# Endless Space 2 - Laser oder Kinetik?



## 14Hannes88 (2. Februar 2018)

Hallo Leute,

ich hoffe hier spielen paar Leute Endless Space 2... habe folgendes Problem: Spiele häufig mit den Sophons in letzter Zeit und auch bei vorherigen Runden mit anderen Fraktionen habe ich mich immer für Kinetik entschieden... einfach weil ich es geil fand. Aber mich würde die Best-Practice interessieren... Was ist besser Kinetic oder Laser? Man muss sich ja leider entscheiden... man kann zwar später wieder in Richtung Laser switchen, muss dann aber seine Taktik wieder grundlegend neu ausrichten.

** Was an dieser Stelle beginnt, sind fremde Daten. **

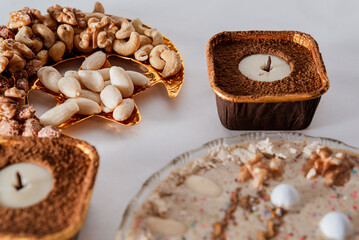 Candle-shaped dessert with chocolate and nuts
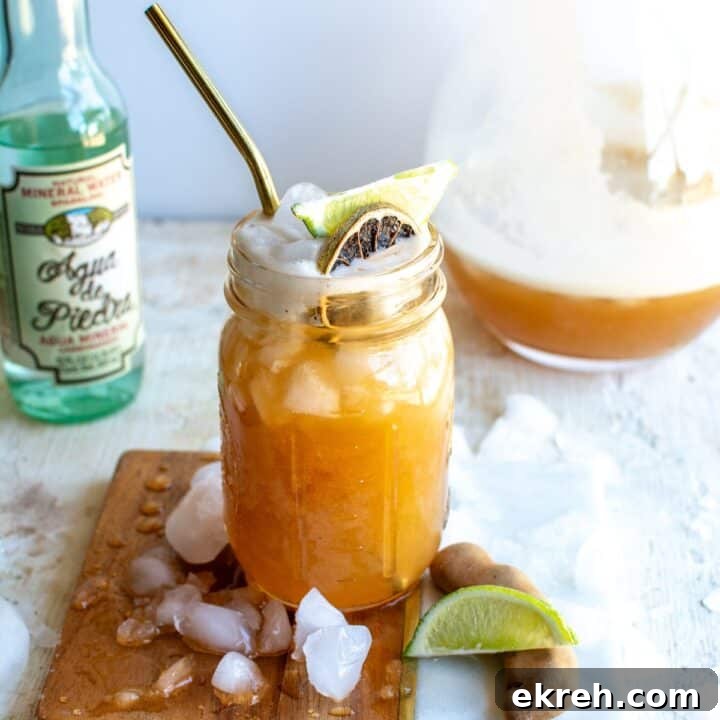 A glass of tamarind agua fresca with a lime garnish.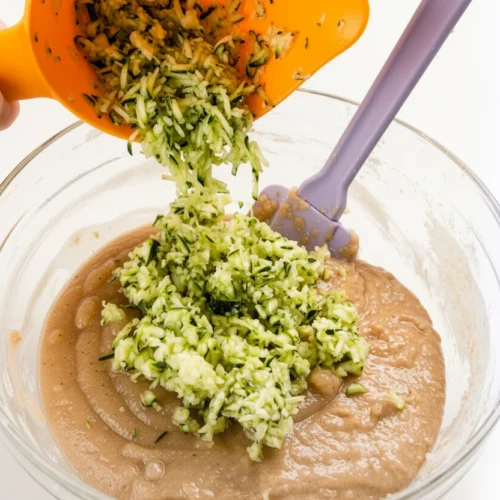 Grated zucchini being added to applesauce zucchini bread batter in a glass bowl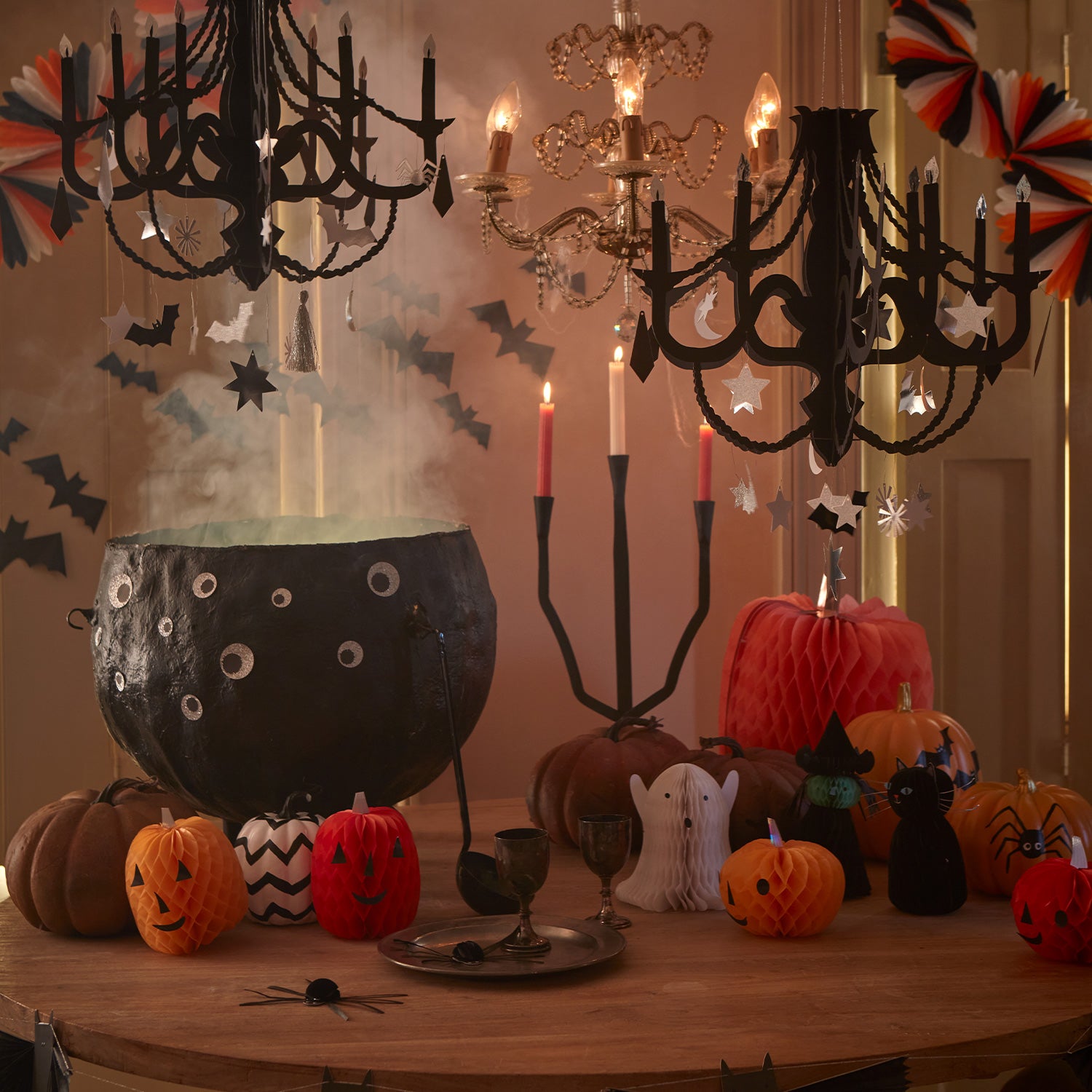 Our black chandelier, crafted from paper with shiny silver foil and 32 hanging decorations, is the perfect Halloween porch decoration.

Mich würde interessieren was Ihr favorisiert? Wie sieht euer generelles Schiff-Design aus?

Ich meine klar, man passt es an den Gegner an... aber bei NPC schwierig, die wechseln ja fast im Rundentakt ihr Design. Derzeit mach ich es immer so: Ausgeglichener Schutz gegen Energie und Kinetik-Waffen... kleine Schiffe rüste ich dann mit Kinetik-Kanonen aus, während mittlere/große Schiffe hauptsächlich mit Torpedos und vieleicht einer kleinen Kinetik-Kanonse bestückt sind.

Bei einigen Fraktionen, wie Vodyani, ist meistens schon vorgegeben was man nimmt... weil man da einfach schon die 20% Schaden mit Energie-Waffen macht. Aber bei Fraktionen mit keinem Malus, wie entscheidet man sich da?

Gruß


----------